Has anyone out there thought about homological algebra over the tropical semifield $\mathbb{T}$? For example, I'm interested in the Hochschild homology and cyclic homology of tropical algebras, if this can be made to make sense.
[Edit] Perhaps I should add some motivation. Topologists and geometric group theorists have been interested in the moduli space of metric graphs for at least 25 years now, mainly because of its appearance as a classifying space for automorphism groups of free groups. This space turns out to have a second identity as the moduli space of tropical curves, and people in tropical geometry tell me that it should probably in fact carry the structure of a tropical orbifold.
This means that, in addition to homological invariants built from (sheaves of) continuous of PL functions on the space (containing essentially the information of rational homotopy), one can try to build and study homological invariants made from the tropical structure sheaf. I'm interested in what sort of geometric information these invariants might carry. Is there perhaps some new information hiding in here?

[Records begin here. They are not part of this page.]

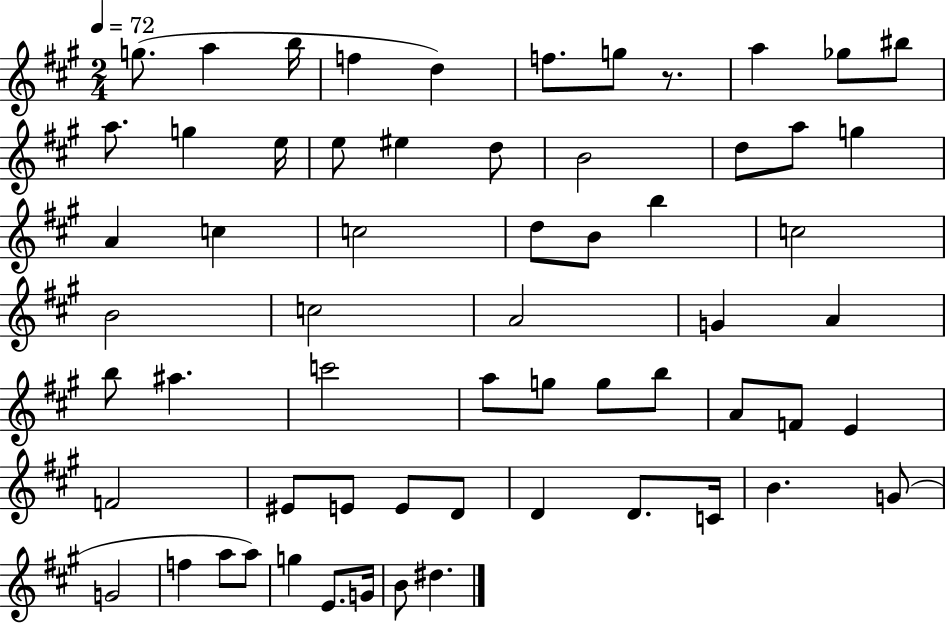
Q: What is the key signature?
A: A major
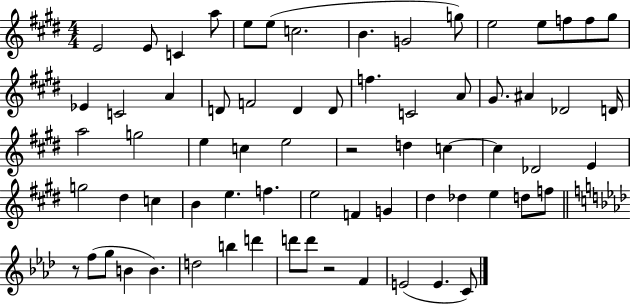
E4/h E4/e C4/q A5/e E5/e E5/e C5/h. B4/q. G4/h G5/e E5/h E5/e F5/e F5/e G#5/e Eb4/q C4/h A4/q D4/e F4/h D4/q D4/e F5/q. C4/h A4/e G#4/e. A#4/q Db4/h D4/s A5/h G5/h E5/q C5/q E5/h R/h D5/q C5/q C5/q Db4/h E4/q G5/h D#5/q C5/q B4/q E5/q. F5/q. E5/h F4/q G4/q D#5/q Db5/q E5/q D5/e F5/e R/e F5/e G5/e B4/q B4/q. D5/h B5/q D6/q D6/e D6/e R/h F4/q E4/h E4/q. C4/e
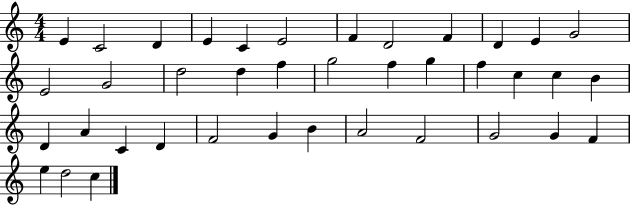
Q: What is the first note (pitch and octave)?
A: E4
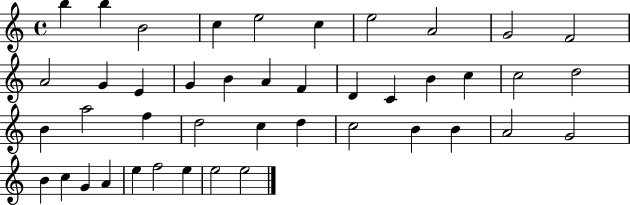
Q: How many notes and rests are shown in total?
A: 43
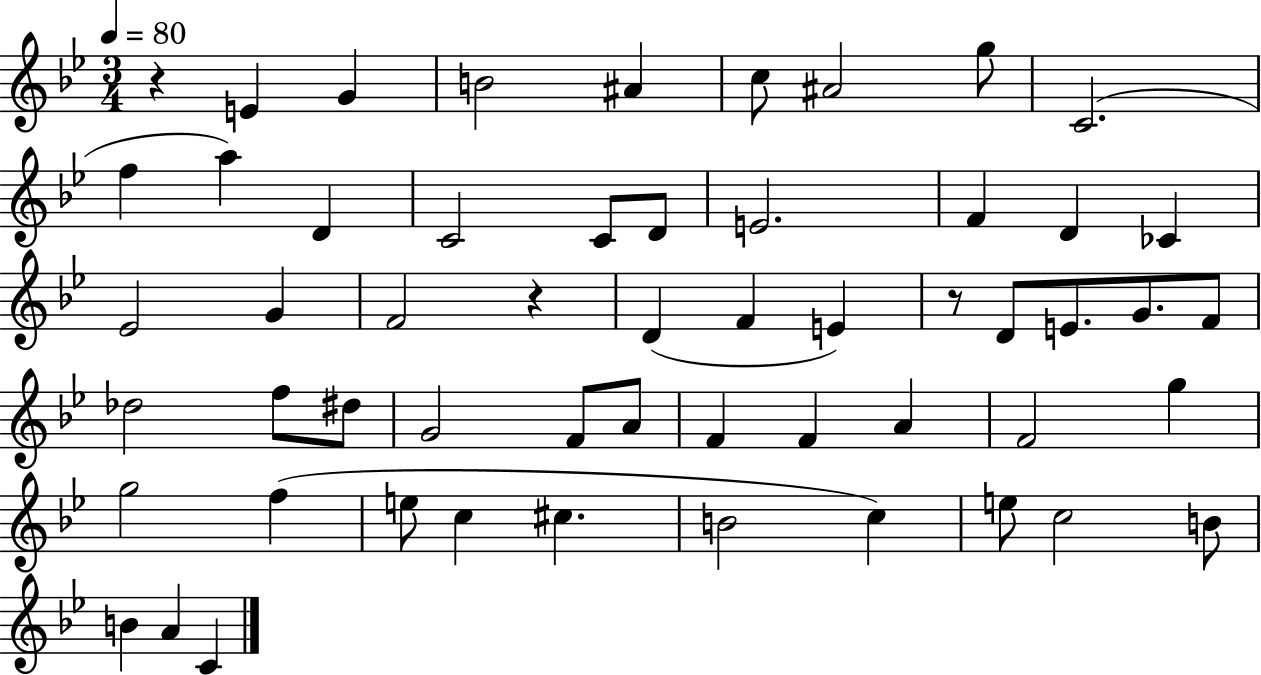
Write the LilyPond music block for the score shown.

{
  \clef treble
  \numericTimeSignature
  \time 3/4
  \key bes \major
  \tempo 4 = 80
  \repeat volta 2 { r4 e'4 g'4 | b'2 ais'4 | c''8 ais'2 g''8 | c'2.( | \break f''4 a''4) d'4 | c'2 c'8 d'8 | e'2. | f'4 d'4 ces'4 | \break ees'2 g'4 | f'2 r4 | d'4( f'4 e'4) | r8 d'8 e'8. g'8. f'8 | \break des''2 f''8 dis''8 | g'2 f'8 a'8 | f'4 f'4 a'4 | f'2 g''4 | \break g''2 f''4( | e''8 c''4 cis''4. | b'2 c''4) | e''8 c''2 b'8 | \break b'4 a'4 c'4 | } \bar "|."
}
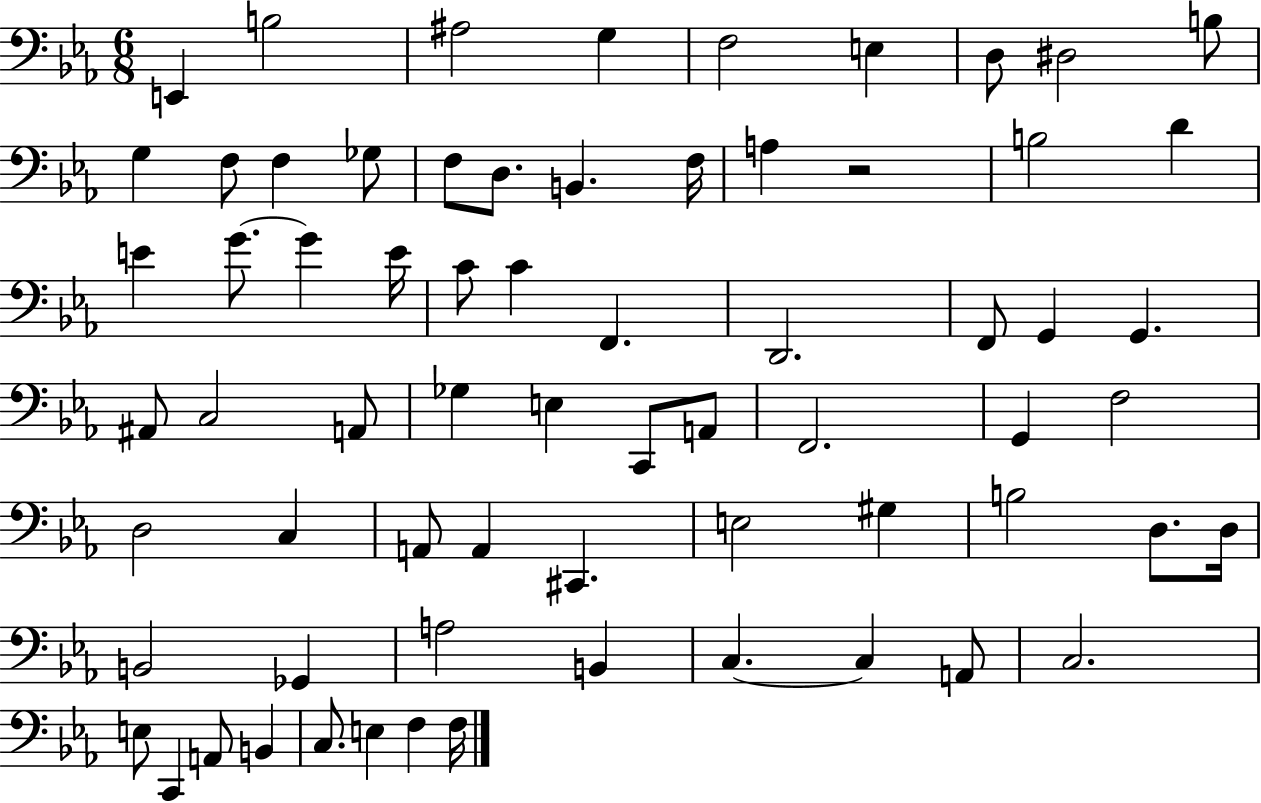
E2/q B3/h A#3/h G3/q F3/h E3/q D3/e D#3/h B3/e G3/q F3/e F3/q Gb3/e F3/e D3/e. B2/q. F3/s A3/q R/h B3/h D4/q E4/q G4/e. G4/q E4/s C4/e C4/q F2/q. D2/h. F2/e G2/q G2/q. A#2/e C3/h A2/e Gb3/q E3/q C2/e A2/e F2/h. G2/q F3/h D3/h C3/q A2/e A2/q C#2/q. E3/h G#3/q B3/h D3/e. D3/s B2/h Gb2/q A3/h B2/q C3/q. C3/q A2/e C3/h. E3/e C2/q A2/e B2/q C3/e. E3/q F3/q F3/s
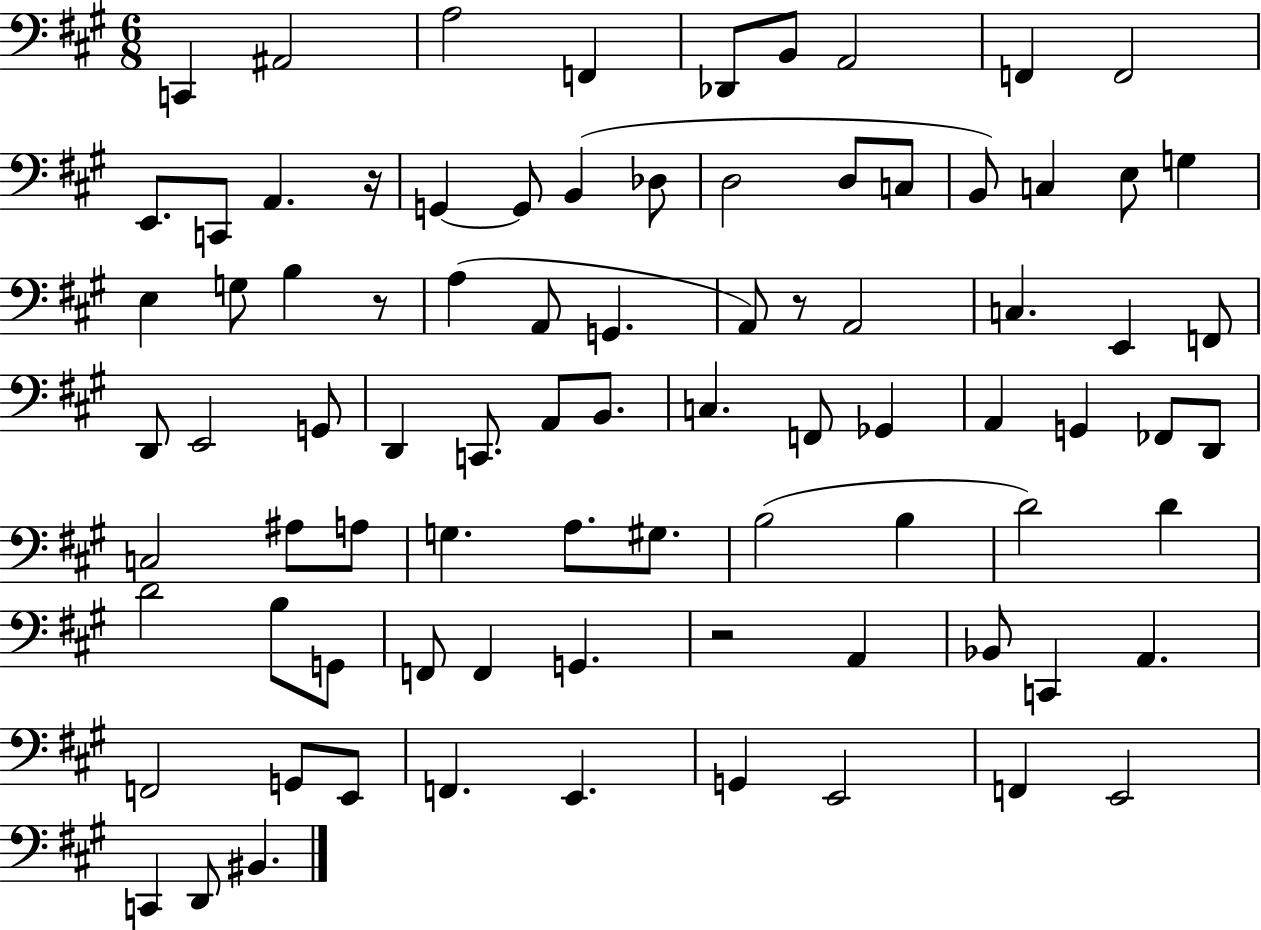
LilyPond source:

{
  \clef bass
  \numericTimeSignature
  \time 6/8
  \key a \major
  c,4 ais,2 | a2 f,4 | des,8 b,8 a,2 | f,4 f,2 | \break e,8. c,8 a,4. r16 | g,4~~ g,8 b,4( des8 | d2 d8 c8 | b,8) c4 e8 g4 | \break e4 g8 b4 r8 | a4( a,8 g,4. | a,8) r8 a,2 | c4. e,4 f,8 | \break d,8 e,2 g,8 | d,4 c,8. a,8 b,8. | c4. f,8 ges,4 | a,4 g,4 fes,8 d,8 | \break c2 ais8 a8 | g4. a8. gis8. | b2( b4 | d'2) d'4 | \break d'2 b8 g,8 | f,8 f,4 g,4. | r2 a,4 | bes,8 c,4 a,4. | \break f,2 g,8 e,8 | f,4. e,4. | g,4 e,2 | f,4 e,2 | \break c,4 d,8 bis,4. | \bar "|."
}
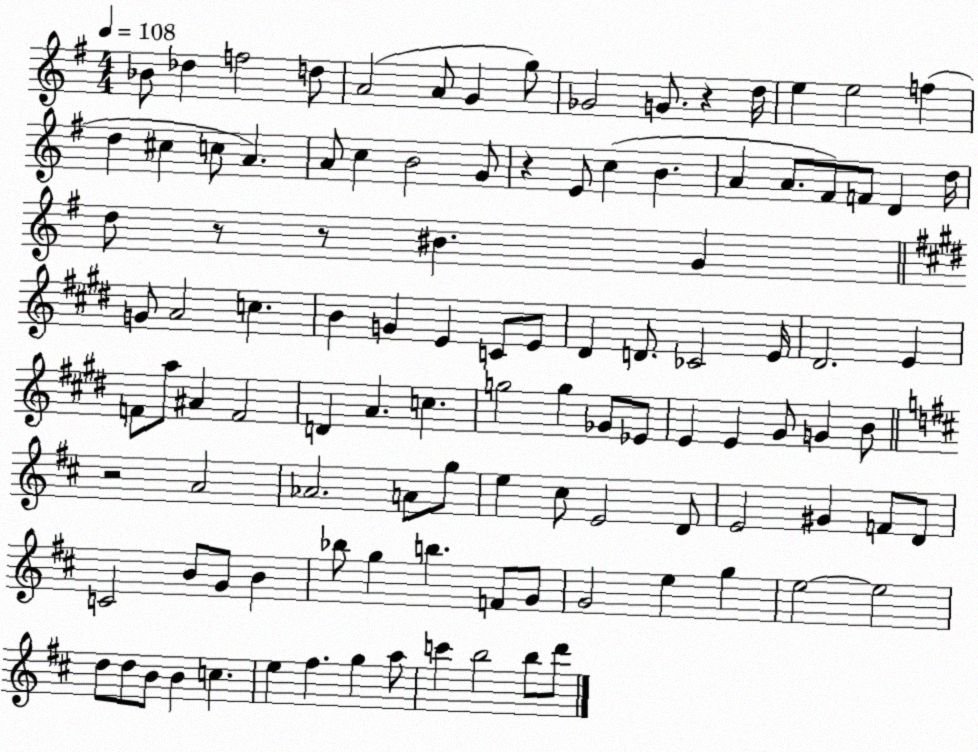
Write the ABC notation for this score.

X:1
T:Untitled
M:4/4
L:1/4
K:G
_B/2 _d f2 d/2 A2 A/2 G g/2 _G2 G/2 z d/4 e e2 f d ^c c/2 A A/2 c B2 G/2 z E/2 c B A A/2 ^F/2 F/2 D d/4 d/2 z/2 z/2 ^B G G/2 A2 c B G E C/2 E/2 ^D D/2 _C2 E/4 ^D2 E F/2 a/2 ^A F2 D A c g2 g _G/2 _E/2 E E ^G/2 G B/2 z2 A2 _A2 A/2 g/2 e ^c/2 E2 D/2 E2 ^G F/2 D/2 C2 B/2 G/2 B _b/2 g b F/2 G/2 G2 e g e2 e2 d/2 d/2 B/2 B c e ^f g a/2 c' b2 b/2 d'/2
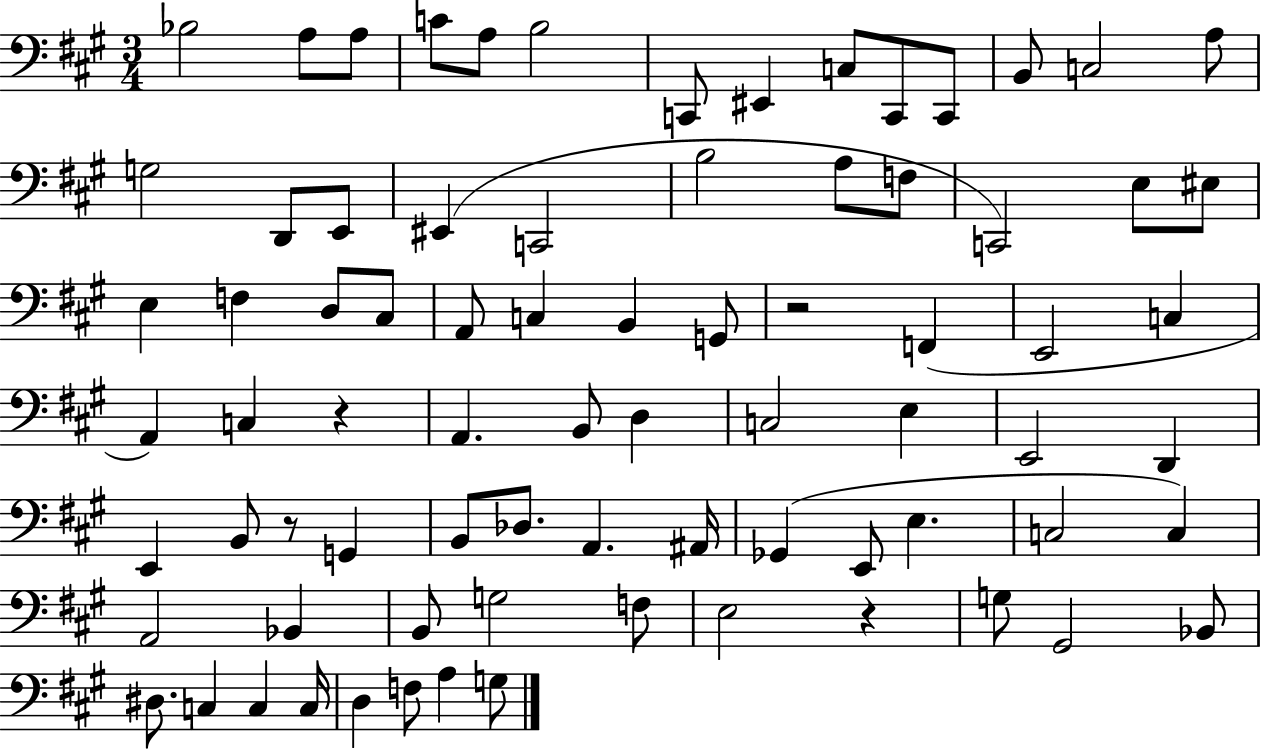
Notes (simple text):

Bb3/h A3/e A3/e C4/e A3/e B3/h C2/e EIS2/q C3/e C2/e C2/e B2/e C3/h A3/e G3/h D2/e E2/e EIS2/q C2/h B3/h A3/e F3/e C2/h E3/e EIS3/e E3/q F3/q D3/e C#3/e A2/e C3/q B2/q G2/e R/h F2/q E2/h C3/q A2/q C3/q R/q A2/q. B2/e D3/q C3/h E3/q E2/h D2/q E2/q B2/e R/e G2/q B2/e Db3/e. A2/q. A#2/s Gb2/q E2/e E3/q. C3/h C3/q A2/h Bb2/q B2/e G3/h F3/e E3/h R/q G3/e G#2/h Bb2/e D#3/e. C3/q C3/q C3/s D3/q F3/e A3/q G3/e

It is always exciting when one finds that an object one has known for many years turns out to have a hidden new structure.
Following Zoran's comment, it looks like Durov has constructed, among many other things, a model category structure on complexes of modules over $\mathbb{T}$. This means that, in principle, something like homological algebra can be done. But it's a different matter to explicitly develop homological algebra.
So, to expand on my original question, here are some explicit questions.
-
What is a tropical chain complex?
-
Is there an explicit tropical
analogue of the usual Hochschild
chain complex and does it compute
the correct derived functor? -
Ordinary Hochschild homology carries
a Gerstenhaber algebra structure. Is
there an analogous structure on a
tropical Hochschild homology? -
Same questions for cyclic homology.
Best Answer
Your question has two parts - the main question, existence of tropical homotopical algebra, seems to be nicely resolved by Zoran's answer. The questions about Hochschild homology though are rather context independently true - I am not familiar with the Durov story, but assuming he provides a symmetric monoidal model category (and hence symmetric monoidal $\infty$-category) that should suffice. Given an algebra object $A$ in any symmetric monoidal $\infty$-category, we can define its Hochschild homology and cohomology, as self-tor and ext as bimodules (see e.g. here - note that what I'm referring to as the homology and cohomology corresponds to the chain level versions of these notions, not the cohomology groups). The former has an $S^1$ action, with invariants giving cyclic homology, and can be calculated by a version of the cyclic bar construction. Regarding the Gerstenhaber structure on Hochschild COhomology, again the answer is yes by a general form of the Deligne conjecture (see Lurie's Higher Algebra - the part that until last week was called DAG VI..) - there's an $E_2$ structure on the Hochschild cohomology. In fact if your algebra $A$ is separable (dualizable as $A$-bimodule) one obtains the full structure of a framed two-dimensional topological field theory (via Lurie's Cobordism Hypothesis theorem), which includes all these operations and many more. (The Hochschild homology and cohomology are assigned to the circle with two different framings in this story.)